The Brazilian snapper has a relatively deep body with a mean depth around 40% of its standard length. It has a long, pointed snout and a large terminal mouth, which is protractile. A row of conical teeth is on each jaw, with the anterior pair in the upper jaw enlarged into fang-like teeth that are visible when the mouth is closed. Also, pairs of canine-like, pointed, conical teeth are in lower jaw. The vomerine teeth are arranged in an anchor-shaped patch, having an obvious extension behind its centre. The dorsal fin is continuous with 10 spines in its anterior portion and 14 soft rays in its posterior portion, a slight notch is at the boundary between the spiny and soft rayed parts of the fin. The anal fin has three spines and eight soft rays. The preoperculum is serrated and has a poorly developed notch and knob. This species is variable in colour, but normally they are reddish marked with more-or-less clear vertical bands on the body and sometimes a diagonal band over the eyes. The blue spots present on the faces of this species allow it to be identified in comparison with similar species; these run in an irregular line from the corner of the mouth to the edge of the operculum, with another a brief row behind the eye and a small number dispersed on the cheek. The maximum standard length recorded for this species is 24.3 cm and the maximum published weight is 199.9 g.
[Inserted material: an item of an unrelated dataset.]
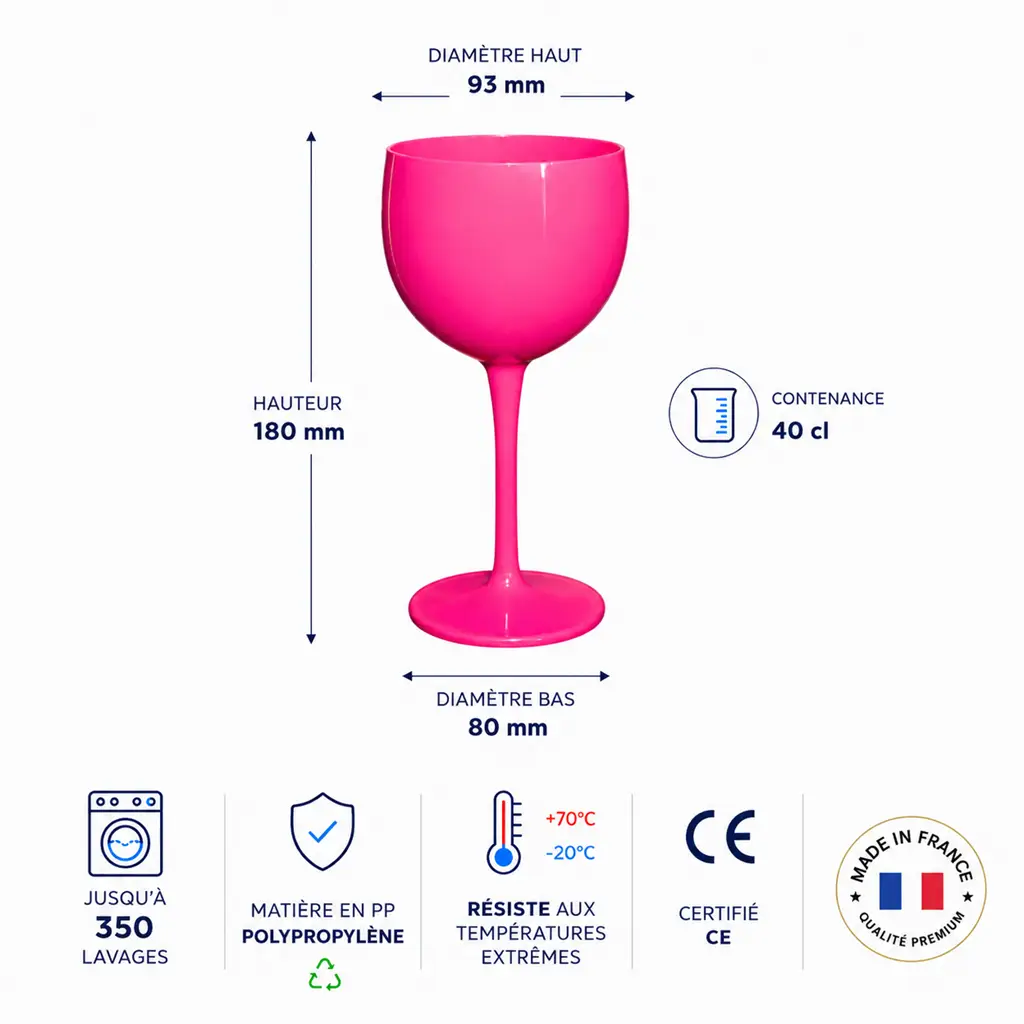 Pink Piscine glass 40cl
== Distribution and habitat ==
The Brazilian snapper is found in the western Atlantic Ocean, where it is endemic to the coast of Brazil. It has been recorded from the state of Maranhão to the southern coast of the state of Bahia in the Northeast Region. It can be found from the tidal shallows to a depth of 54 m on coral reefs, rocky shores, coastal lagoons with brackish water, mangroves, and other shallow-water habitats that have a mosaic of soft and hard substrates. Juveniles are more common in mamgroves and other shallow-water habitats, often in mixed schools with juvenile dog snapper (L. jocu).

== Biology ==
The Brazilian snapper, like other snappers, is a nocturnal predator, and the adults are found either solitarily or in groups on reefs during the day, often mixed with dog snappers.